There are roughly a dozen separate ways to do this (as with everything in AWS), but the "right" way is to use an S3 Batch Operation to copy everything from an S3 Inventory Report.

The only problem with an S3 Batch Operation is that it fails in surprising and hidden ways, especially if there's a misconfigured IAM permission. For example, our most recent job was failing due to a missing KMS permission. To determine what the missing permission was, we would typically head to CloudTrail and hunt down the failed requests.

As S3 Batch Operations run as an assumed role, hunting these logs can be slightly more difficult, but we finally found the right way to accomplish it.

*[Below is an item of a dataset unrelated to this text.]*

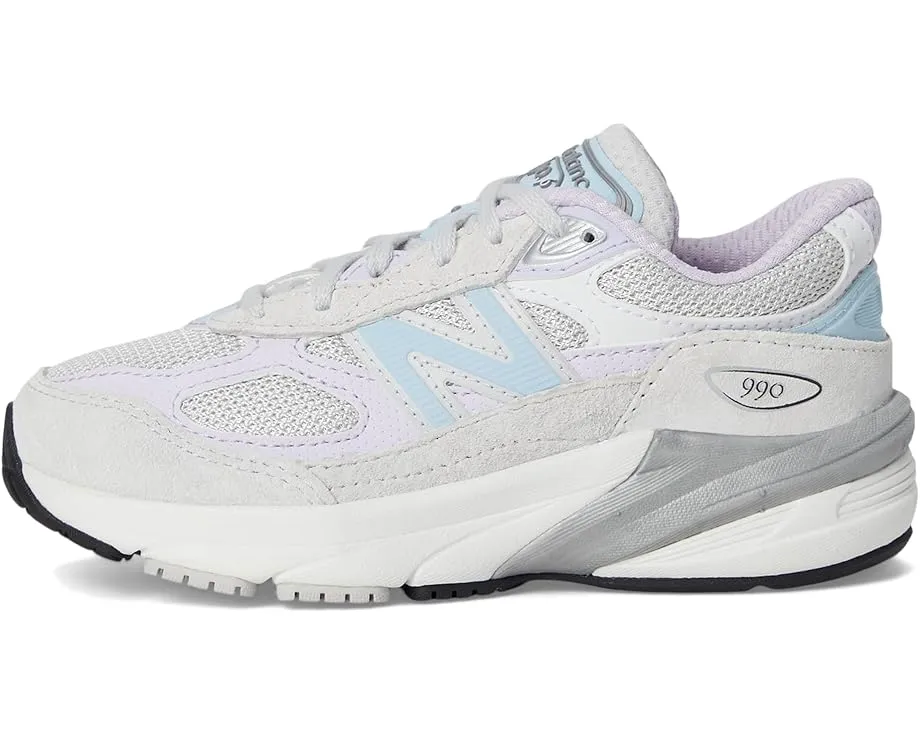 Детские кроссовки New Balance FuelCell 990v6 с технологией ENCAP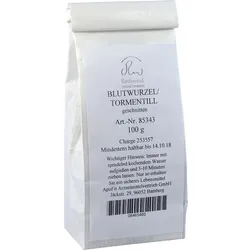 Blutwurzel/Tormentill 100 G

The first, most important, piece is to hunt down the S3 Batch Operation's Job ID. You'll find this on the details screen clear at the top.

S3 Batch Operation Job Details Screen

Next, shoot on over to CloudTrail and filter by User Name. The value you'll want to use is s3-batch-operations_{Job ID}, where {Job ID} is your S3 Batch Operation's Job ID retrieved in the previous step.

CloudTrail Filtering on Job ID User

Heads Up! If you've got KMS enabled for the Job, then you're going to get a whole heck of a lot of logs. I tend to download the logs to use Excel to look through it, but when you're moving more than 19 million records, you're going to have a bad time. If you need to dive into the reasons even more, I recommend using an Athena table.


In case anyone is curious, the missing permission for the role was kms:GenerateDataKey*. KMS is super fun.